Suspense - the tensest escape moments were scripted well to heighten suspense but are quickly resolved.
Morality - sometimes doing what you have to do to survive or protect is the morally correct choice, even if it is bribing an official or lying about a variety of things
Traditional - for the majority of readers, there is NOTHING traditional about this book. It describes a world we can barely imagine only after reading the book. Government dictators, corrupt officials, Asian culture, poverty, desperation, strong family ties - some Americans may think they have this but it is nowhere near the degree as Ms. Lee.
In the Prologue (p. xvi) did you understand that what the father went back in to the burning house to save were not family portraits but the portraits of the political leaders?
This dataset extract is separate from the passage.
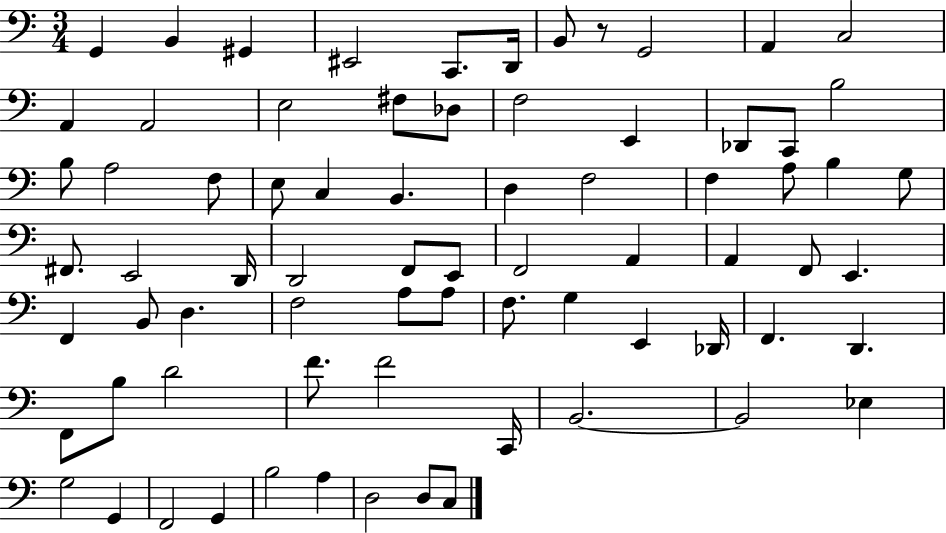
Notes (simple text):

G2/q B2/q G#2/q EIS2/h C2/e. D2/s B2/e R/e G2/h A2/q C3/h A2/q A2/h E3/h F#3/e Db3/e F3/h E2/q Db2/e C2/e B3/h B3/e A3/h F3/e E3/e C3/q B2/q. D3/q F3/h F3/q A3/e B3/q G3/e F#2/e. E2/h D2/s D2/h F2/e E2/e F2/h A2/q A2/q F2/e E2/q. F2/q B2/e D3/q. F3/h A3/e A3/e F3/e. G3/q E2/q Db2/s F2/q. D2/q. F2/e B3/e D4/h F4/e. F4/h C2/s B2/h. B2/h Eb3/q G3/h G2/q F2/h G2/q B3/h A3/q D3/h D3/e C3/e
What are some polite customs you insist on? What do you wish others would insist on? (p. 14)
Does the legend of Kim Il-Sung sound like it might be borrowed from a Christian understanding of God? (p. 22)
"Kidness toward strangers is rare in North Korea. There is risk in helping others. The irony was that by forcing us to be good citizens, the state made accusers and informers of us all." (p. 38)
Discuss. Would you choose kindness or self-preservation?
Have you ever been to a fortune teller? Were they right? (Ch. 7)
What pop stars did you dance to with your friends? (Ch. 10) Who was the mushiest singer of your youth?
In Ch. 18 the author describes feelings associated with deceiving her mom. Do you have any childhood escapades you recall?
In the photos, why were the eyes of her aunt, mom and brother blurred out?
Discuss the Australian's (Dick Stolp) role in the story. Why would he help? Do you have any personal stories of generosity (received or given) to share? (Ch. 48)
Watch the TED Talk.
Decorate with pinecones like her mom batted down from the trees outside Anju. (p. 25)
Serve naengmyeon, "noodles served in an ice cold beef broth with a tangy sauce", her mom's favorite. (p. 32)
Serve nooroongji like Mrs. Ahn served to her North Korean visitors. (p. 102)
Serve ice cream like the author ate every day once she went to China.